What can executives learn from the HomeDepot Lawsuit

 

In the wake of a computer worm attack on Home Depot in which 56 million customers’ credit card information was stolen, class action lawsuits have been filed in several provinces and states. In Ontario, IT consultant Steven Lozanski is leading a lawsuit against Home Depot for failing to adequately secure plaintiffs’ financial information. The lawsuit alleges that Home Depot’s methods of protecting confidential information did not adhere to acceptable industry standards. The class action is seeking $500 million in general damages.

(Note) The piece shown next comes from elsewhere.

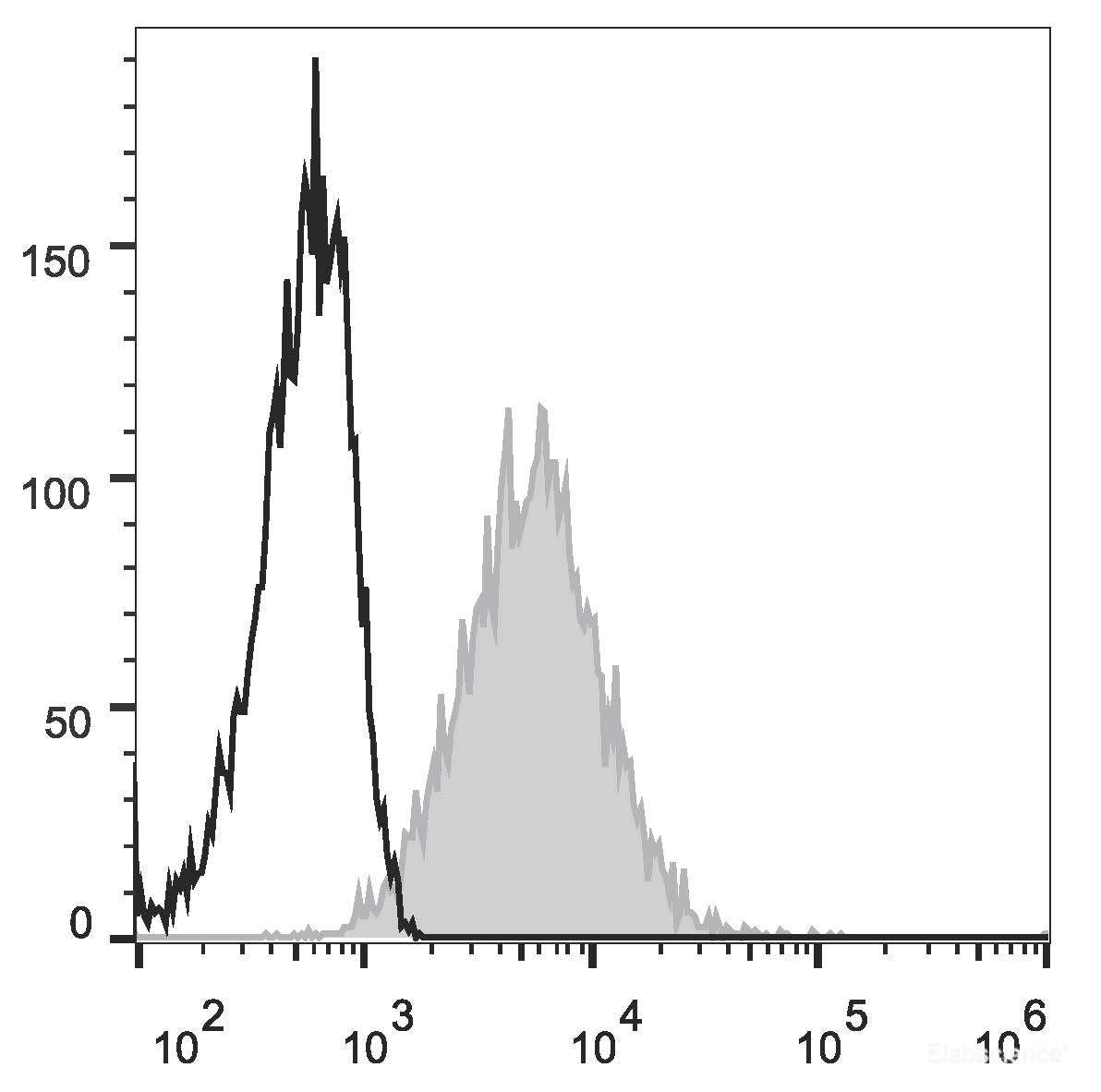 Mouse abdominal macrophages elicited by starch broth are stained with PE/Cyanine7 Anti-Mouse CD206 Antibody(filled gray histogram). Unstained macrophages (blank black histogram) are used as control.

There is particular significance to the $500M Lozanski  Home Depot lawsuit

If this lawsuit is successful, it could have significant implications for corporations. Fines for privacy law violations are usually tens of thousands of dollars, at most. The fines in themselves are far less of a deterrent than the prospect of damage to reputation. If Lozanski is successful in obtaining millions of dollars in damages, the stakes for corporations will be raised substantially.
To my knowledge,

this is the first lawsuit in Ontario that raises the question of corporations’ obligation to implement adequate computer security to protect customer information.

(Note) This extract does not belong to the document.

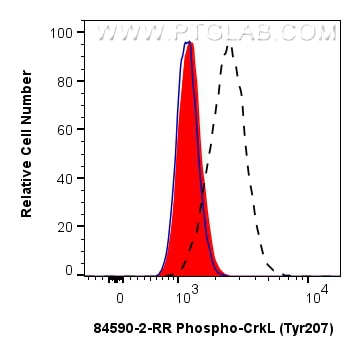 Flow cytometry (FC) experiment of NIH/3T3 cells using Phospho-CrkL (Tyr207) Recombinant monoclonal antib (84590-2-RR)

The case rests on an allegation of negligence, asserting that Home Depot ought to have known that the encryption of their computer systems was inadequate, that their computer personnel lacked necessary skills, education and training in computer and data security, and that Home Depot “could and should have” employed an outside, secure computer payment service. If Lozanski’s allegation of negligence is upheld, corporate executives should take note – the consequences of privacy breaches could be getting a lot more serious for them.